Мама угасла в феврале, под вой метели. А я… Продиралась сквозь бумаги, продавала нашу квартиру, покупала билеты с тремя пересадками. Одна. Потому что терять было нечего. Потому что жизнь у меня одна. И потому что ее последний шепот, уже на грани тишины, жгли меня раскаленными углями: «Живи, Аня. Чувствуй жизнь. Радуйся… каждой секунде… Перестань бояться… Помнишь, как ты боялась глубины в детстве, после того случая? Не дай страху снова украсть у тебя море…».
Именно это привело меня сюда. В Ле Баркарес. На шесть месяцев. Временное пристанище, пока ищу свой дом на этой земле, купленный на деньги от нашей с мамы квартиры. И противостоять главному страху. Тому, что вернулся, как тень горя. Боязни глубины. Талассофобия1. Мама знала. Помнила тот ужас, как я наглоталась воды, когда меня спасли из моря. И велела перестать бояться.
Я повернулась к дому, тяжело вздохнув. «Дом для отдыха на берегу Средиземного моря» – гласило объявление. Небольшой, белоснежный, с терракотовой черепицей и синими ставнями. Но время и солнце оставили следы: облупившаяся штукатурка, перекошенные ставни, сад, превратившийся в джунгли из дикого винограда и колючек. Запустение. Как будто дом затаился в ожидании.

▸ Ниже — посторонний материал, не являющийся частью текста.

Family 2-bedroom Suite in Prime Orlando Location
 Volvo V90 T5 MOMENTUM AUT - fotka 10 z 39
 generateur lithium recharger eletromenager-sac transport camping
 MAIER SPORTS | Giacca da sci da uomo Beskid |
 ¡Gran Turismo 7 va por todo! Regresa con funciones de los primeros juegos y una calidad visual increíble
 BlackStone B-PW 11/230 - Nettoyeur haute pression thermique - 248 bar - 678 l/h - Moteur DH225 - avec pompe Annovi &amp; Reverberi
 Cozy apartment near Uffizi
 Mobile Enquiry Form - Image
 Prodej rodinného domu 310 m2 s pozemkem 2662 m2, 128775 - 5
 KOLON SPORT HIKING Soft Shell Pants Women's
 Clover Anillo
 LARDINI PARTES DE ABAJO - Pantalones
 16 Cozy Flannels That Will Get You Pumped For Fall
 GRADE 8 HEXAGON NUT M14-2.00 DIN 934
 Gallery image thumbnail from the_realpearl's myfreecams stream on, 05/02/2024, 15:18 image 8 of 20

Тень у калитки шевельнулась. Агент, мсье Рено, маленький, юркий, с вечно влажным лбом, подошел, улыбаясь слишком широко.
– Мадмуазель Анна! Bienvenue! Прекрасный день для заселения!
Он суетливо вручил тяжелый старомодный ключ.
– Вот. Прекрасного отдыха! Вода, свет – подключены. Газ… плита газовая, баллон нужно заправить, хозяин поможет…
Я кивала, оглядывая дом, густые заросли, скрывающие соседний участок. Влажные ладони вытерла о джинсы.
– Спасибо, мсье Рено.
Он замялся, покопался в портфеле.
– Ах да… Вторая половина дома… она занята. Хозяином. Мсье Этьен Дюран.
Рено нервно оглянулся на заросли, понизил голос.
– Он… редко появляется. Почти всегда на своей верфи или в море. Ночью бывает, но редко. Очень… тихий. Незаметный. Так что не беспокойтесь!
Риелтор махнул рукой, но его глаза избегали моих, а в голосе сквозила натянутость. Что это предостережение? Или просто дискомфорт от жары?
– Хорошо, – ответила я, стараясь быть спокойнее, чем себя чувствовала внутри.
Хозяин редко появляется. Значит, буду одна. По-настоящему. Это должно было помочь. Но его слова и этот беглый взгляд оставили не пустоту, а щемящее чувство настороженности. Ощущение, что за буйной стеной зелени скрывается не просто стена, а чье-то молчаливое присутствие.
Риелтор уехал. Пыль от «пежо» осела на раскаленный асфальт. Я осталась одна. Ключ холодно упирался в ладонь. Шум моря, приглушенный зарослями, накатывал ровным гулом. Жара обволакивала. Запахи цветов, соли, пыли, нагретой листвы… и едва уловимый, горьковатый дымок? Я обернулась – никого. Наверное, показалось.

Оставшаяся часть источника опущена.